# Preventing breeding?



## pearl (Nov 16, 2008)

Hi, after some advice! I have two cockatiels kept in an outdoor aviary - Sam and Rosie - they've been mating, and yesterday I noticed Rosie had laid 3 eggs - two on the shelf at the back of the aviary, and one broken on the floor. She was not sitting on them, and they were cold so I removed them (although now, reading on the topic it seems I should have left them there for a while?).

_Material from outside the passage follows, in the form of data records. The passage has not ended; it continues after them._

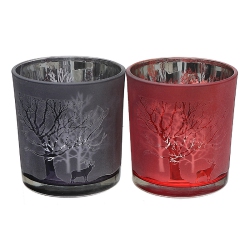 MAISON CONCEPTS Glass Tealight Holders (Amber Trees) (Asstd) - Set Of 2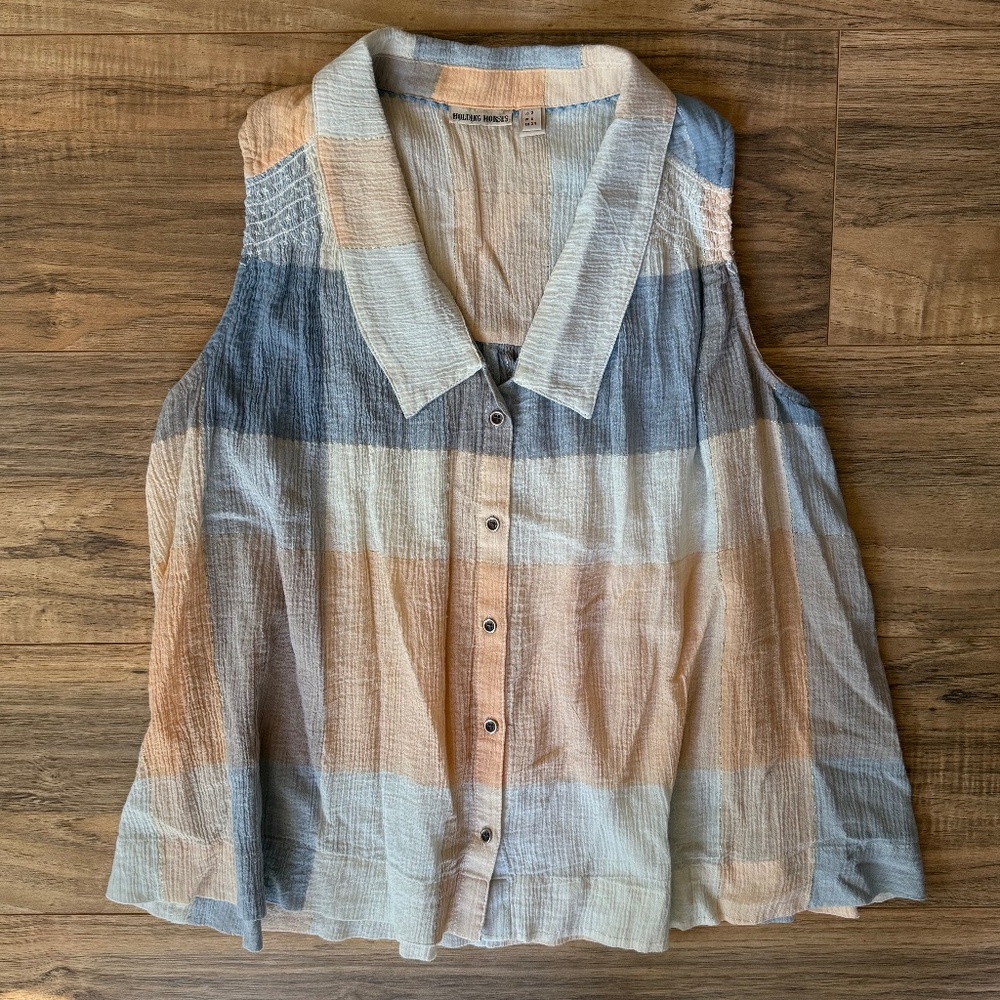 Anthro Holding Horses Plaid Midi Button Up Tank Top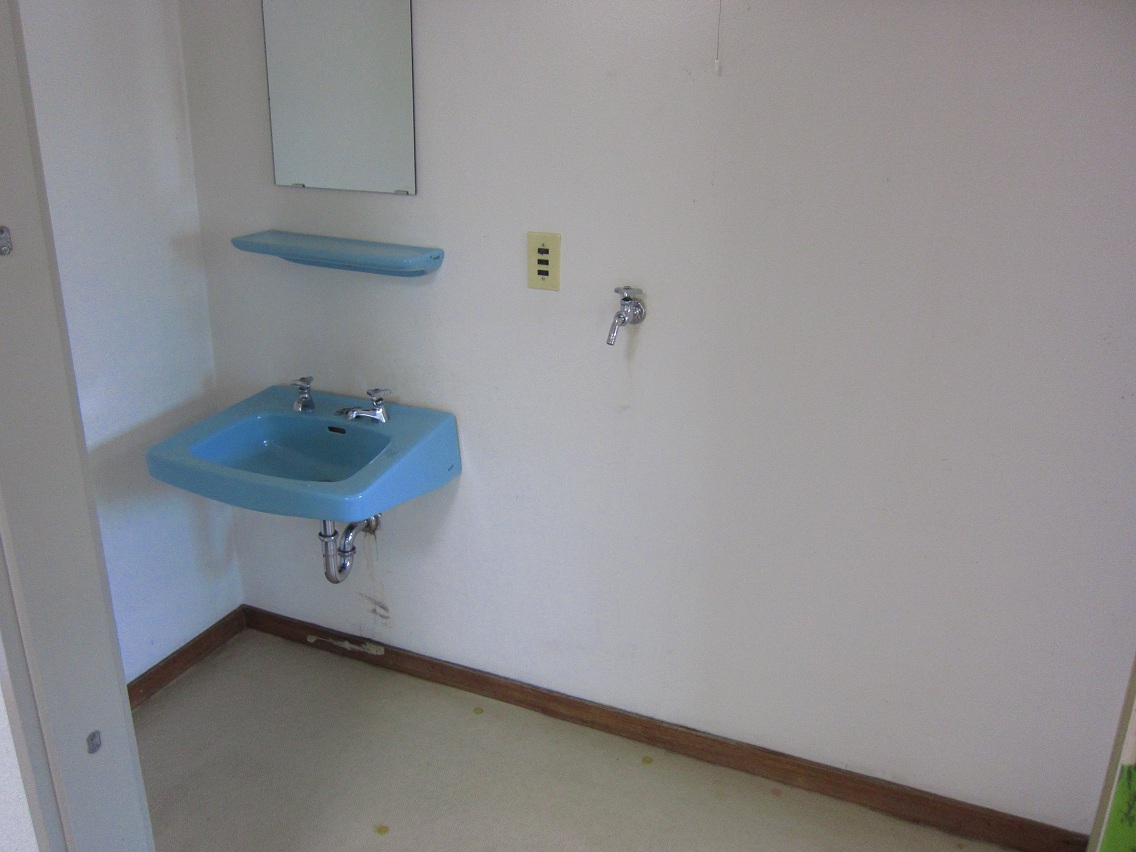 Washroom. Washing machine put in a room!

I had heard that simply not providing a nest box would prevent cockatiels breeding, but it doesn't seem to have worked! I would prefer them not to breed - is there any way to discourage breeding other than separating them?


----------



## kimmikefids (Aug 2, 2008)

the only thing im aware of is lengthening the amount of darkness the tiels have tho i see this as a problem with aviary birds....over 12 hours a day darkness so they think its winter and lose the urge to reproduce...also limiting leafy greens and as u mentioned not giving them the nesting box...otherwise im not quite sure what to do....is there anyway to limit the amount of light they get?? that would be what i would do first...i have seen it work miracles with birds including my own....who went from crazy sexed up birds to normal sweet babies...


----------



## pearl (Nov 16, 2008)

I'm not sure how much I'll be able to block out the sunlight but I'll give it a try and see. Thanks!


----------



## kimmikefids (Aug 2, 2008)

good luck...there are lots of fantastic breeders on here that may be able to give more advice....my advice is merely what ive learnt from them!


----------



## allen (Aug 25, 2007)

yes shorten the light to less then 12 hours a day and cut back on the greens as well


----------



## tielfan (Aug 31, 2008)

Cutting back on the richer food items, taking away the nestbox, and rearranging the cage did NOT work on my tiels. That's how I ended up with a second clutch of chicks. Cutting back on the amount of light DID work. That's how I avoided a third clutch.


----------